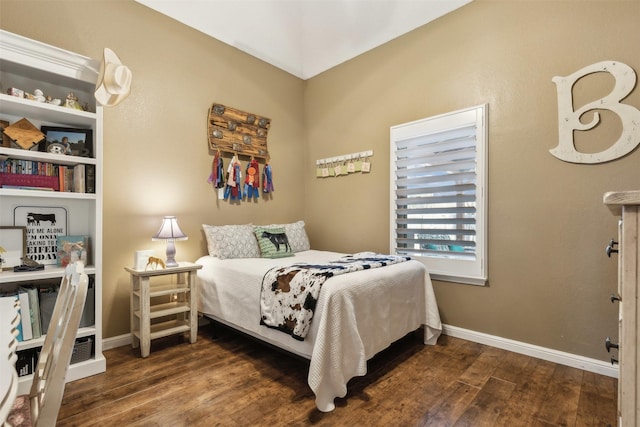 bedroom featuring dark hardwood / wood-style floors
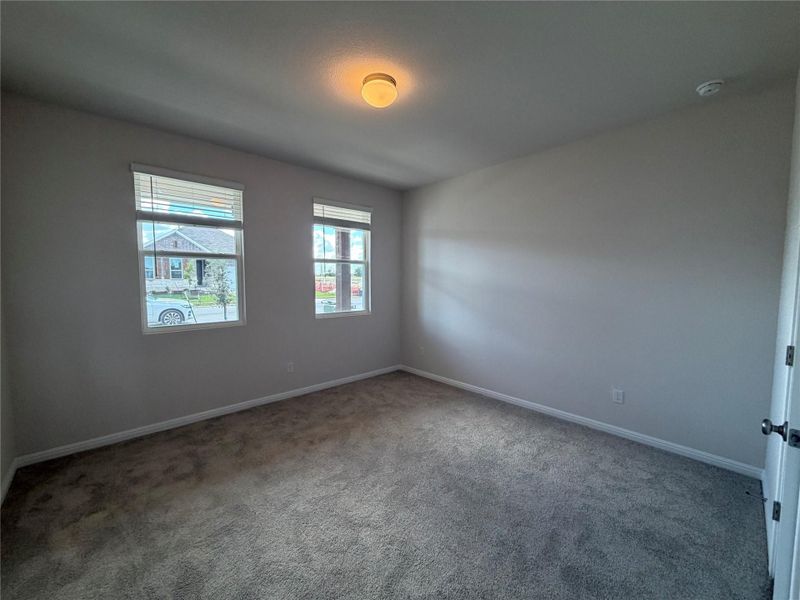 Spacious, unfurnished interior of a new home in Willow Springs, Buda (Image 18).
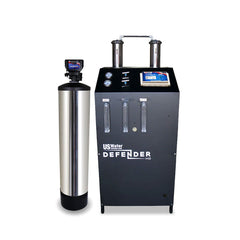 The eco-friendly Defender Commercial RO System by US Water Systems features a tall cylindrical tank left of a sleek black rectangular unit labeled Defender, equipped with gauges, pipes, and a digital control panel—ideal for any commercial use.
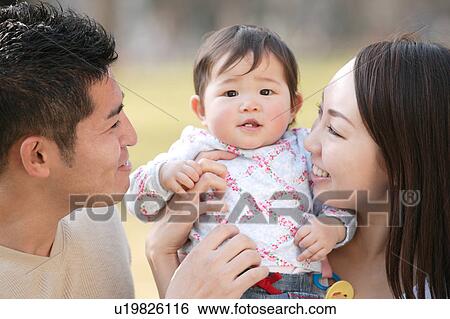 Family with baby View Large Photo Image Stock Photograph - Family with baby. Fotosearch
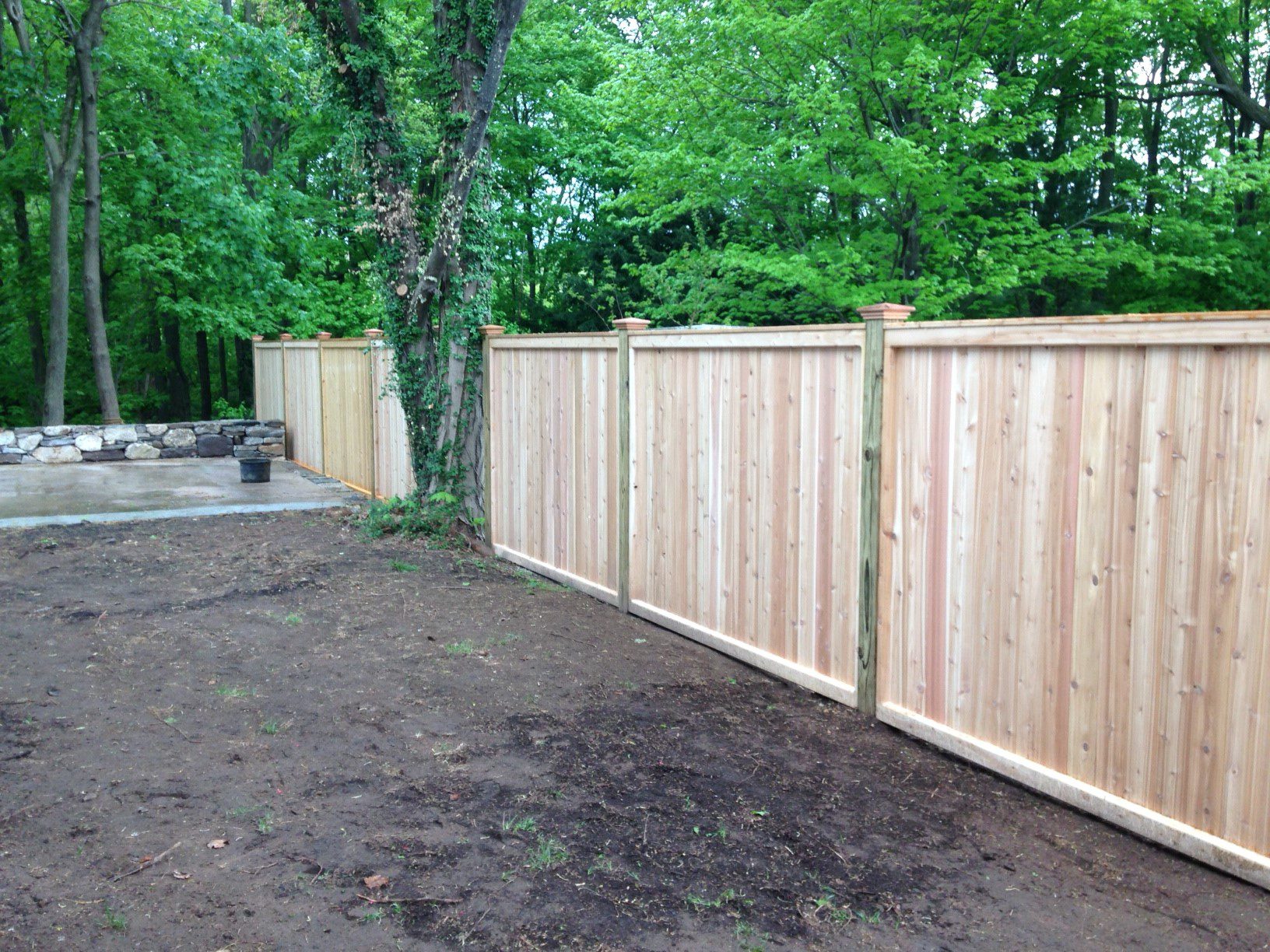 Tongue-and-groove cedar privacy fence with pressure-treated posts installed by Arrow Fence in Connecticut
┄┄┄┄┄┄┄┄┄┄┄┄┄┄┄┄┄┄┄┄
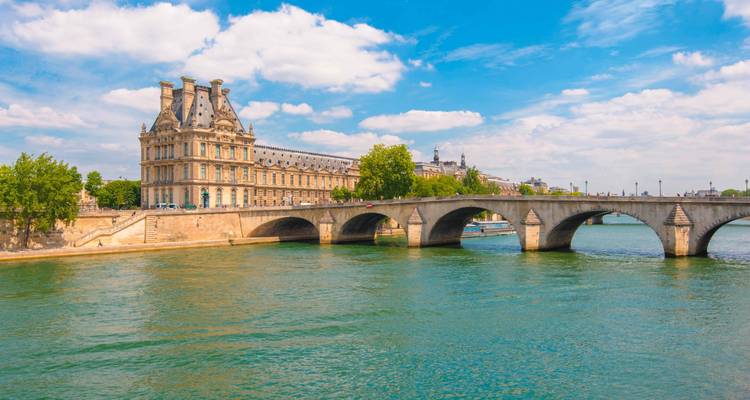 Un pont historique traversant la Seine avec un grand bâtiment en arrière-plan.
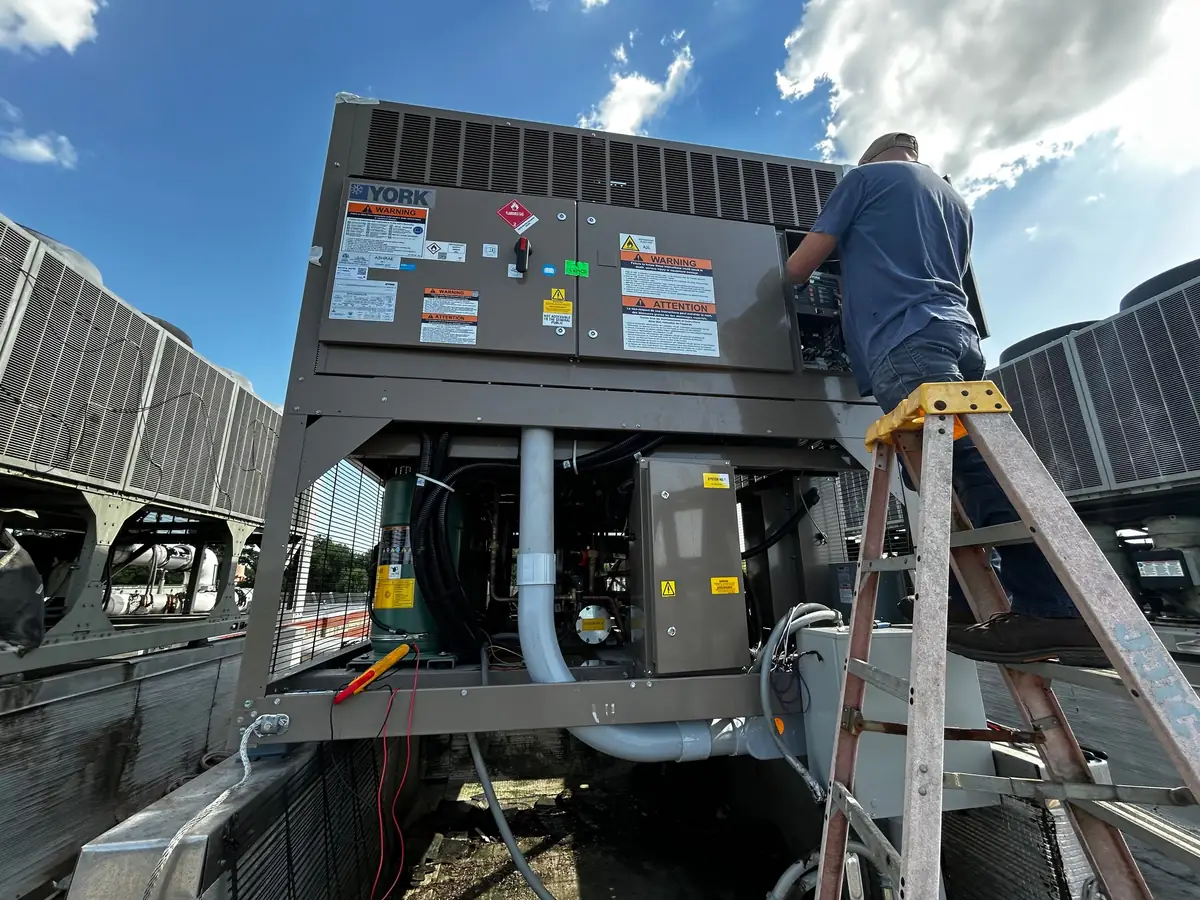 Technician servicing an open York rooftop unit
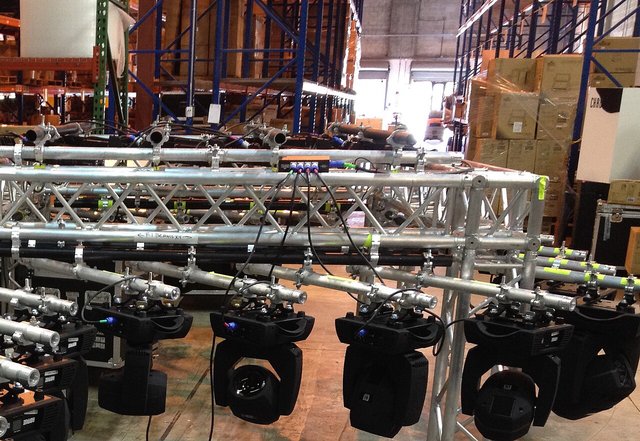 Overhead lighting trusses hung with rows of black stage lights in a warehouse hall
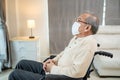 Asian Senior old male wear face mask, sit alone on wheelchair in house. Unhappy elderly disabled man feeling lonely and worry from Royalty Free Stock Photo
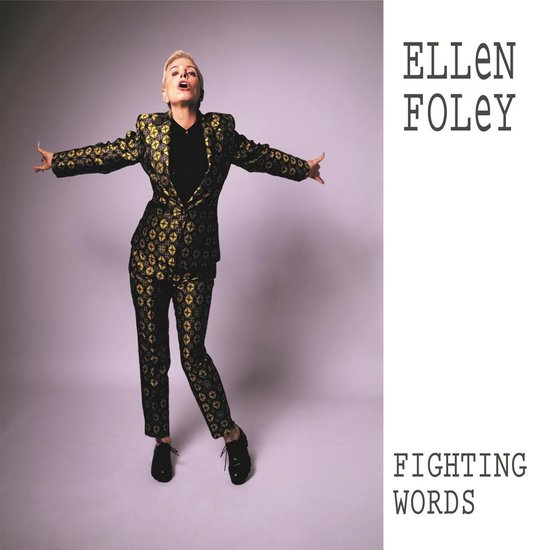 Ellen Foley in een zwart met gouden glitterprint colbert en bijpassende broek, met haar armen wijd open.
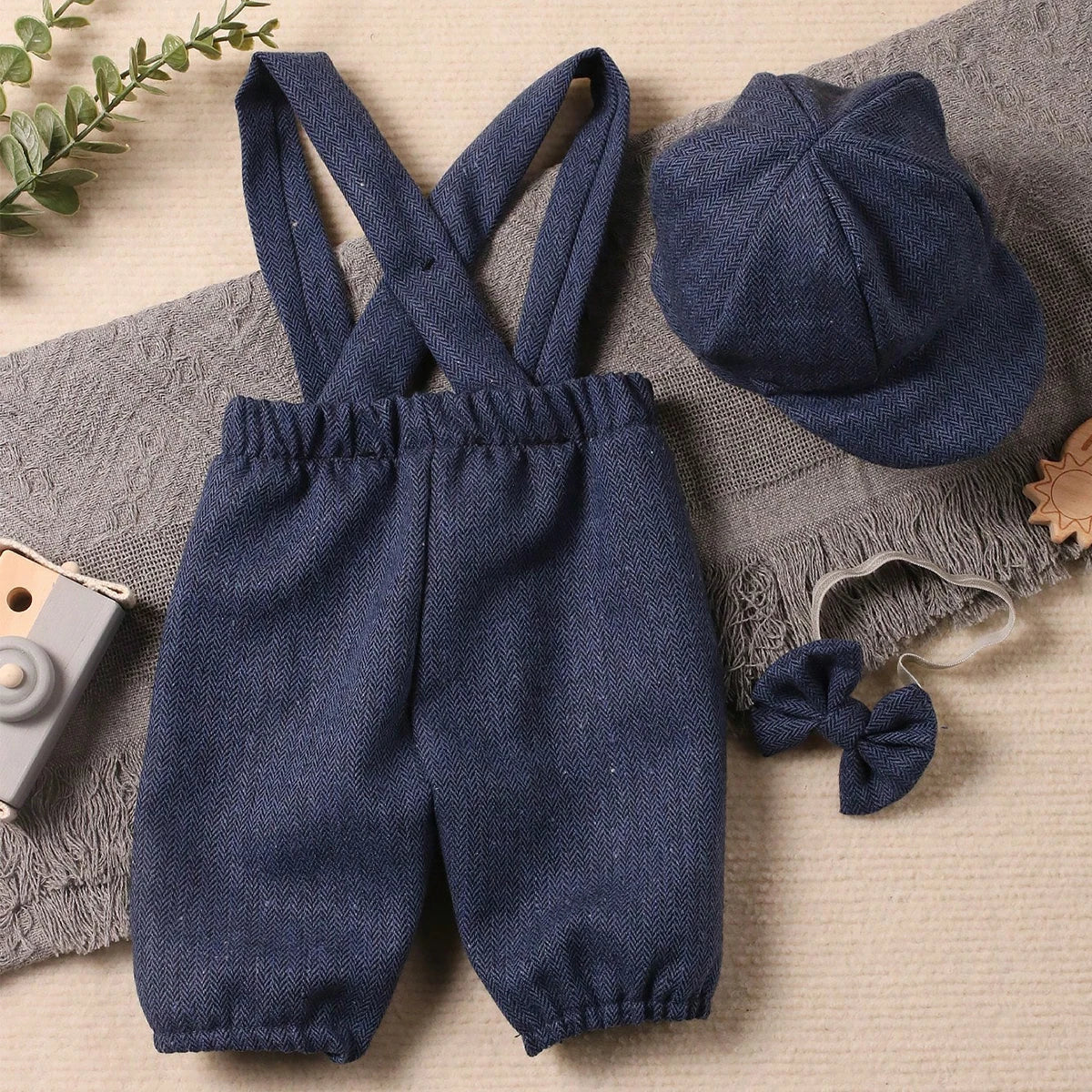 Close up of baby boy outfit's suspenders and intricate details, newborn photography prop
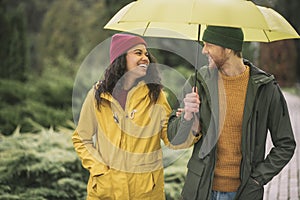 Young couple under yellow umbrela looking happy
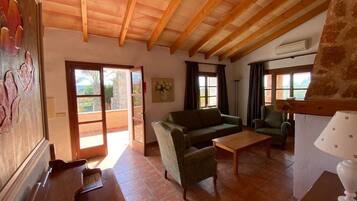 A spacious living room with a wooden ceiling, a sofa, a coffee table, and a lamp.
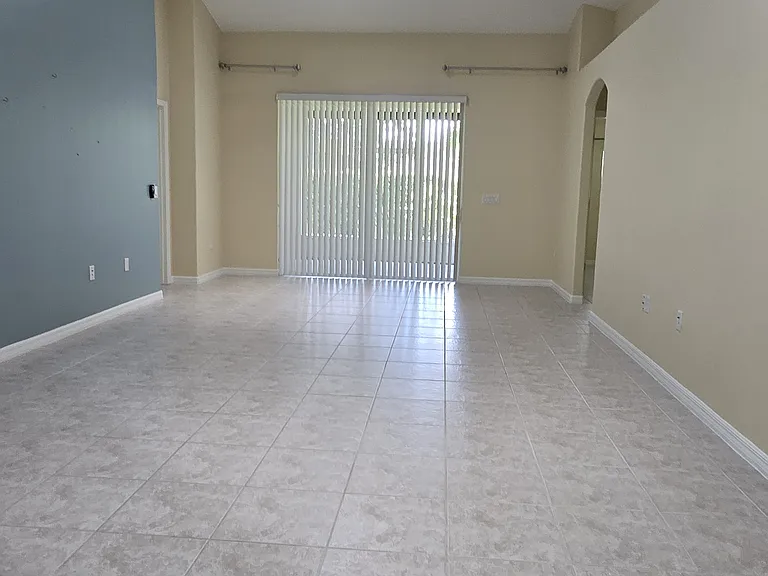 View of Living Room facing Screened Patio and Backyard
┄┄┄┄┄┄┄┄┄┄┄┄┄┄┄┄┄┄┄┄
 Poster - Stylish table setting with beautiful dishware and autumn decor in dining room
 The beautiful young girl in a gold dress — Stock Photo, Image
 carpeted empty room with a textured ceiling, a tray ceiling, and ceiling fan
┄┄┄┄┄┄┄┄┄┄┄┄┄┄┄┄┄┄┄┄
Using the data above, retype exactly and only the lines from the one containing "bedroom featuring dark" up to and including the one containing "The eco-friendly Defender", with no pictures carried over.

 bedroom featuring dark hardwood / wood-style floors
 Spacious, unfurnished interior of a new home in Willow Springs, Buda (Image 18).
 The eco-friendly Defender Commercial RO System by US Water Systems features a tall cylindrical tank left of a sleek black rectangular unit labeled Defender, equipped with gauges, pipes, and a digital control panel—ideal for any commercial use.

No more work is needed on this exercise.